== Recorded data

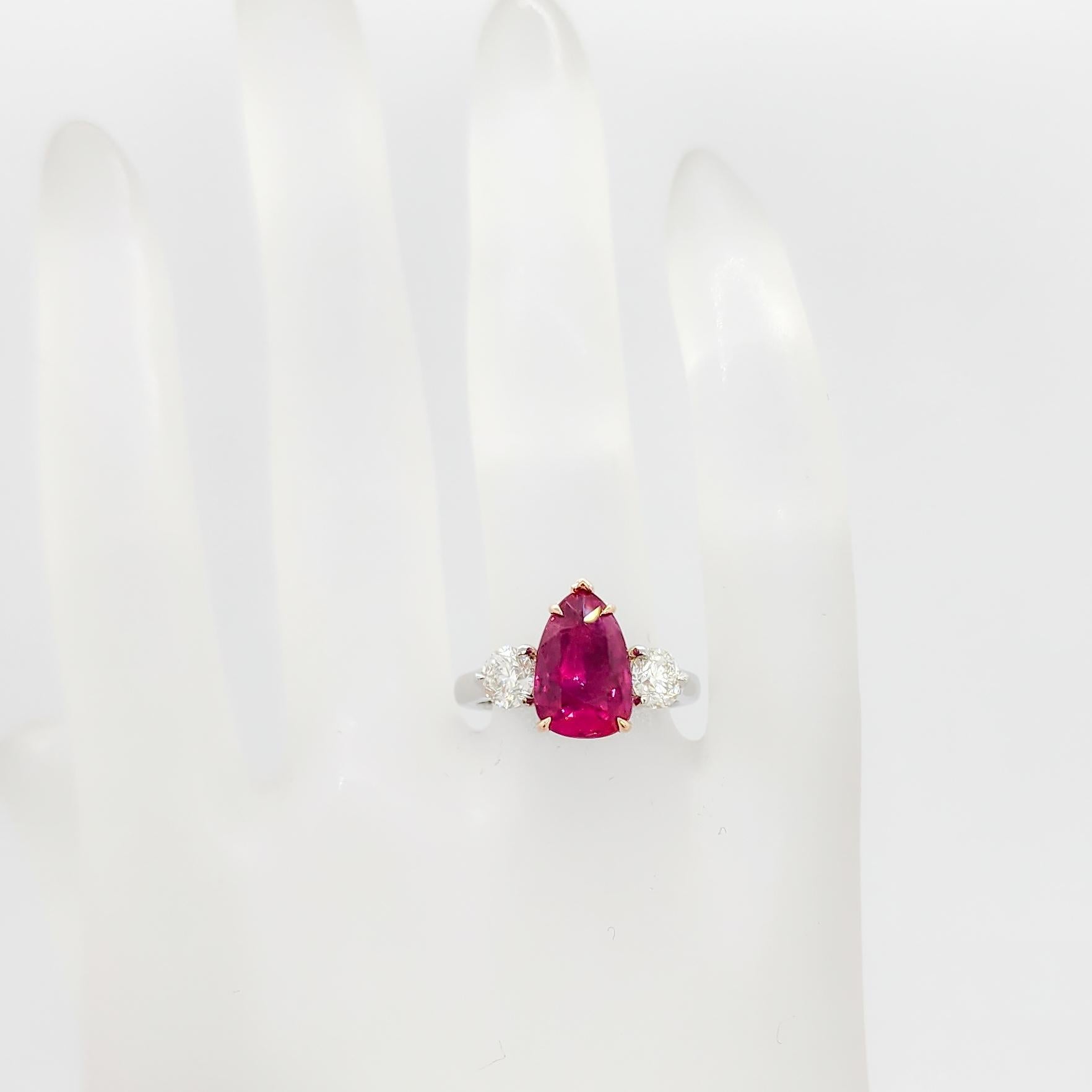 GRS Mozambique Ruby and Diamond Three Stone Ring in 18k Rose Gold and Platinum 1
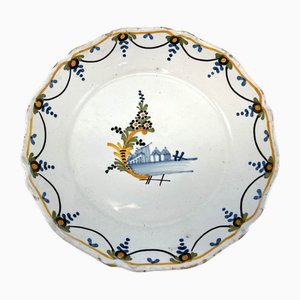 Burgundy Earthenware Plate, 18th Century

====
== Recorded data

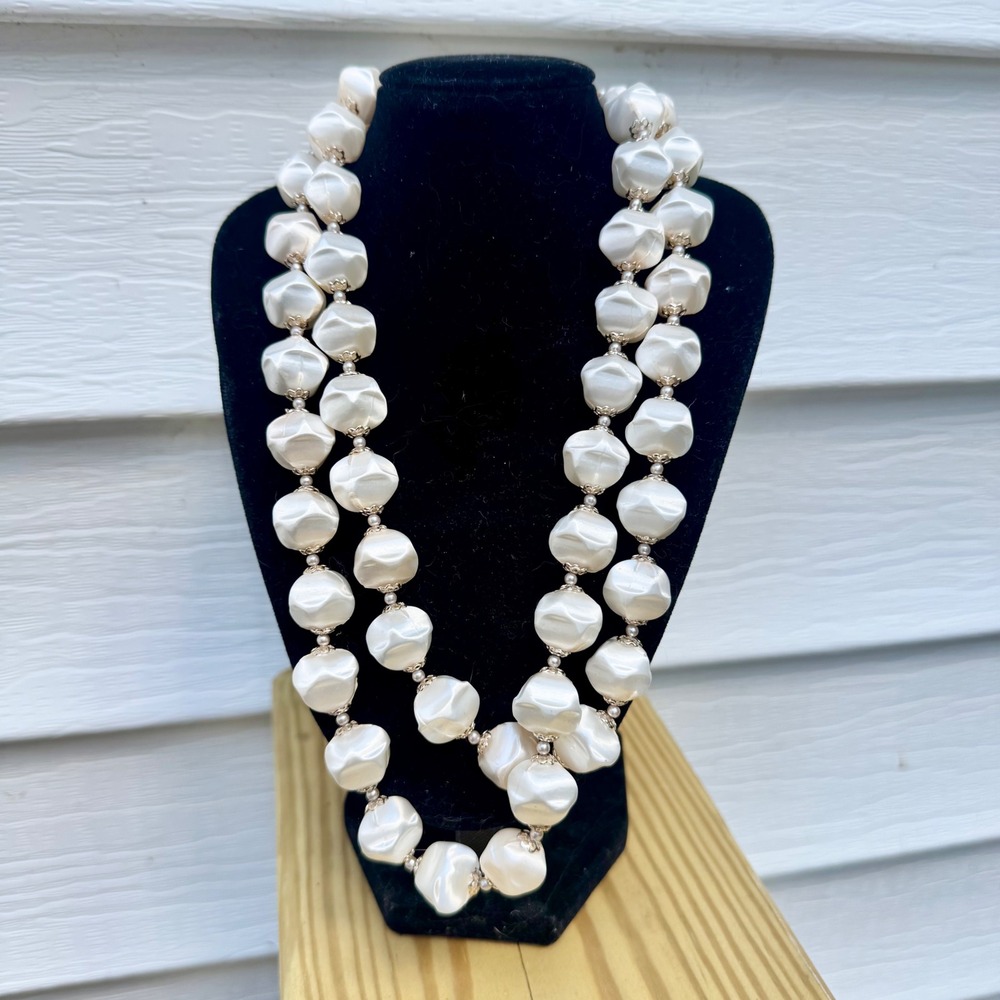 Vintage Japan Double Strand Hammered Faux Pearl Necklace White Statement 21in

====
== Recorded data

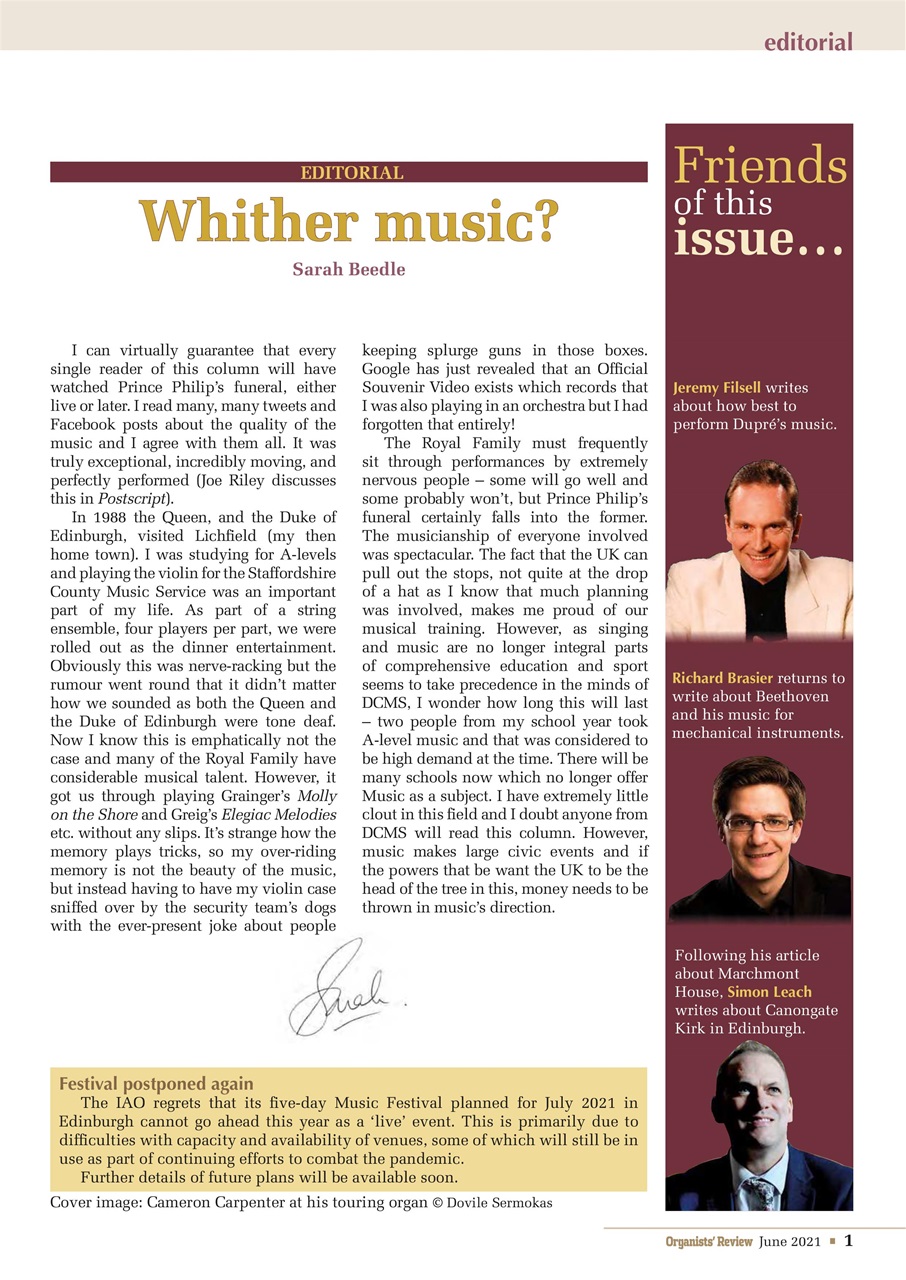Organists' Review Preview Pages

====

▸ **What the task requires**: The lines to reproduce run from the one above containing "GRS Mozambique Ruby" through the one containing "Burgundy Earthenware Plate, 18th Century". Copy them exactly and leave out all pictures.

▸ **Exercise result**:
 GRS Mozambique Ruby and Diamond Three Stone Ring in 18k Rose Gold and Platinum 1
 Burgundy Earthenware Plate, 18th Century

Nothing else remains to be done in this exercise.